You may find the Association of Surgical Technologists website a much bigger help: Association of Surgical Technologists

I go to the bathroom before I scrub into any case whether I need to go or not. And it doesn't matter what the case it because I've seen a quick knee scope take WAAAY longer than it should. As for being relieved and getting a breaK it depends. At my facility, scrubs are not scrubbed out for a break. We get our break between cases. We also don't get scrubbed out of primary joints, revisions, or backs unless it is absolutely necessary. The risk for infection is just too high.

No, you don't get to care for the patient in recovery. The people who work in recovery are RNs with critical care experience. As for emergency, there is typically a call team that will handle that. We rotate call so every 13 weekend we are the call team.

Thank you guys very much for your input!!

Hey what's up? I'm a Certified Surgical Tech at a level 1 trauma center in St. Louis, MO. I'm on the general, burn and plastic surgery team. I've been a CST for 2 1/2 years.

Let's see....

1. Oh no not the depends haha. If I know I'm going to be in a long case and there is a big chance nobody will get me out I'll always take a quick restroom break.

2. I went to CC and all they offered was a certificate. The for-profit colleges in the area all offered degrees. The job market here doesn't distinguish between techs that have a certificate and techs who have a degree. In St. Louis you can have your certificate and can work in the hospital, surgery center, private office and organ procurement. You can also become a sales rep (I was offered a position with Stryker and know a tech that works for Smith and Nephew). I would recommend doing research in your job market to see what most places prefer.

3. Yes. We usually get a break in the morning and lunch. If we are in a long case in the morning or our float team is swamped we skip break and get a hour lunch.

4. Nope. Once the patient is wheeled out we help turnover the room and get ready for the next case.

5. At my hospital we have an ortho/neuro specialty team that handles all of the ortho trauma and neuro trauma/emergencies. If its an emergency that affects any other part of the body than any other tech, whether you're general, GU, ENT, etc, can get reassigned to scrub the emergency. So far in my career I've been in about 5 emergent situations.

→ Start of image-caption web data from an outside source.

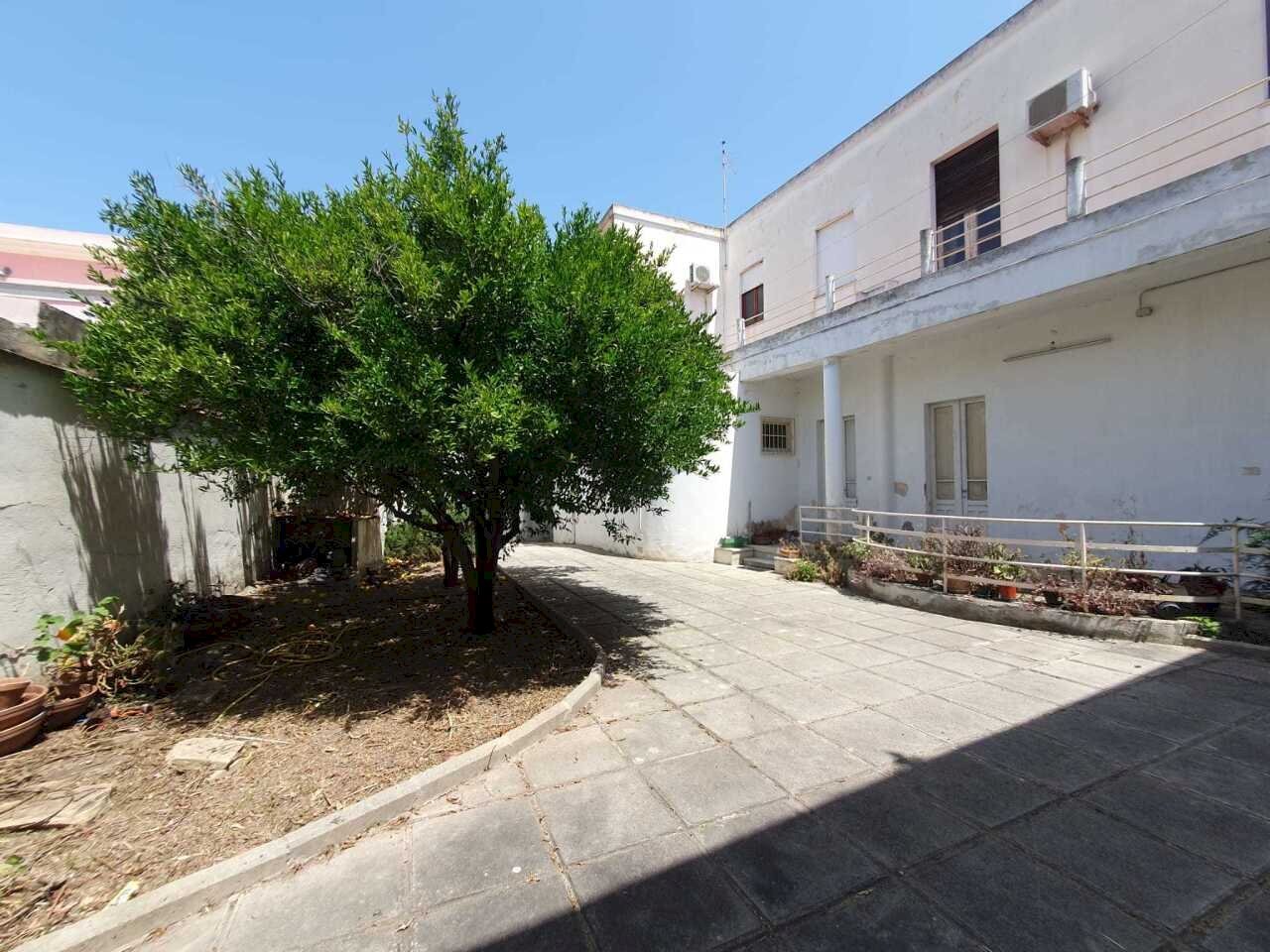 Cortile (6).jpg - Villa Quartu Sant'Elena - photo 1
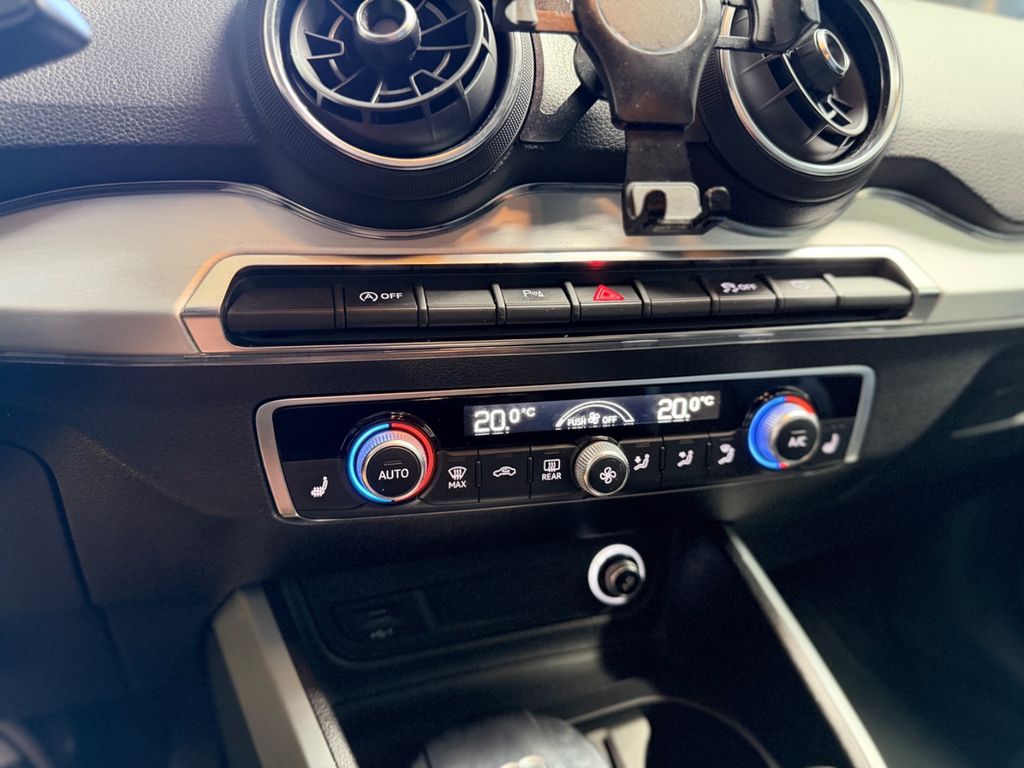 AUDI Q2 35 TFSI/SPORT/VIRTUELLES/ACC/LED AUDI Q2 35 TFSI/SPORT/VIRTUELLES/ACC/LED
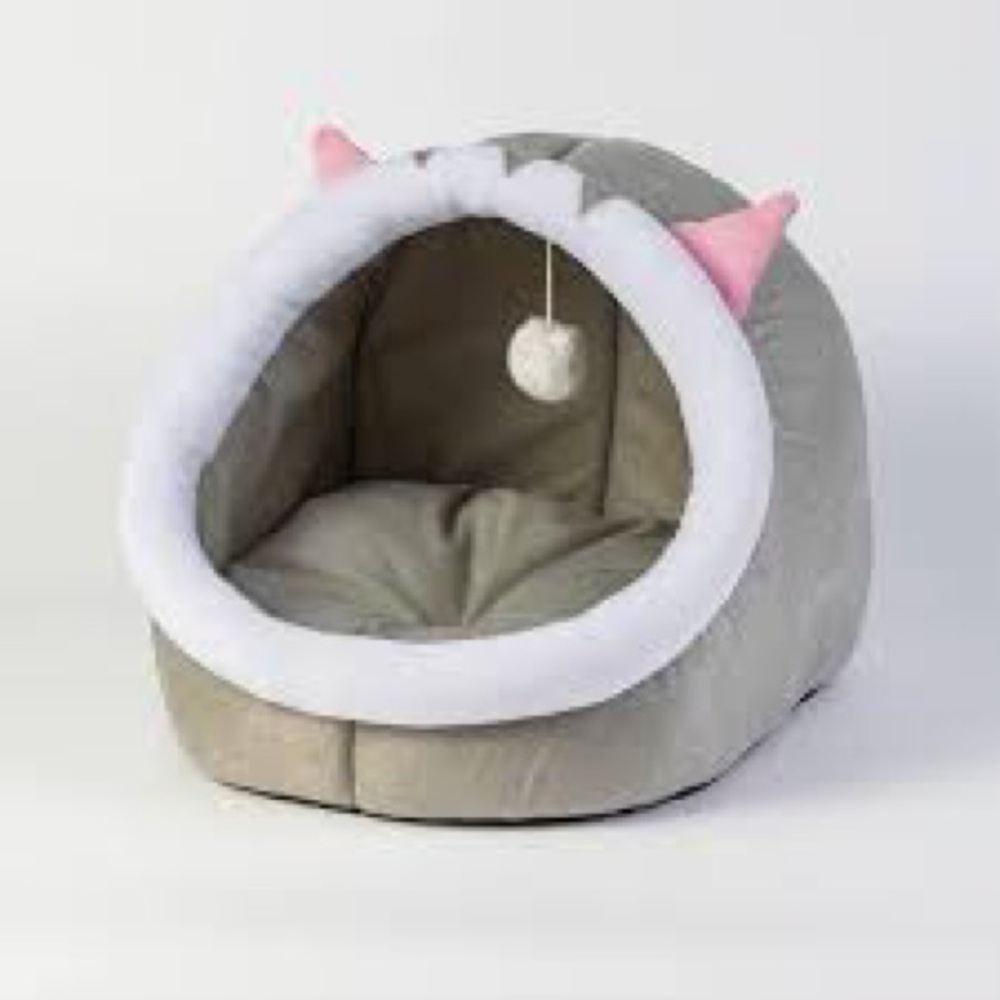 Gray Cat Hut Cushion Comfortable Space Bed Size S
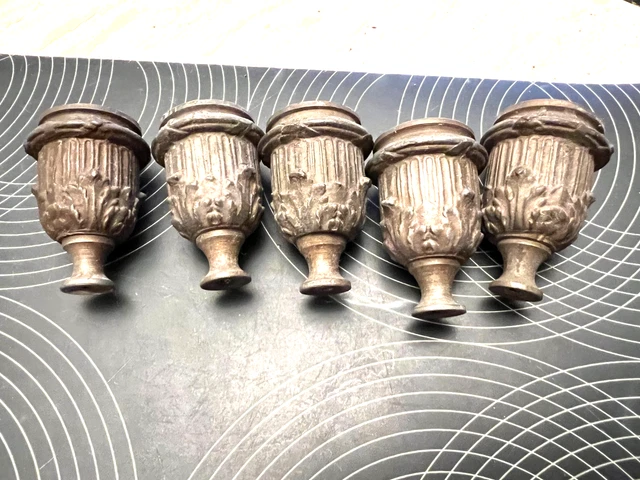 Bougeoir Antique Chimère En Bronze – 19ème Siècle, France, Doré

Thank you for your input BSNBro, very insightful!!!

Hi there,

My responses are only from my personal experience. To answer your questions:

• By law, you are entitled to a break, but amount and timing varies based on your state labor laws. I recommend looking into this. I've worked in places where these rules are not always followed. Where I work now (in Washington state), we consistently receive breaks in the appropriate amount of time. Your schedule will vary during the day so it's hard to tell when you might be able to squeeze in your own break. Some surgeries (or "cases" as we call them) may only last 15-30 minutes, while some could last (although rare) 12 hours or more. It depends on the facility and the speciality.

• The surgical techs I have worked with in the past completed their degree prior to employment. Receiving your certification is recommended and will make you more marketable.

• Your direct patient care will be limited to only the OR. You may have the opportunity to help before induction, but your main focus during this time will be your set up and preparation. After surgery, unless you're required to stay sterile (which is the policy at some facilities) you might be able to help but mostly under the direction of the circulator and the Anesthesiologist or CRNA.

• Emergency surgeries are inevitable even if you don't work at a trauma center. For example, something as simple as a tonsillectomy can result in a hemorrhage and an emergency return to the OR. It's something that you should prepare for and expect.

Hope that helps!

Thank you so much!!! Found a couple of surg tech programs i am looking into!!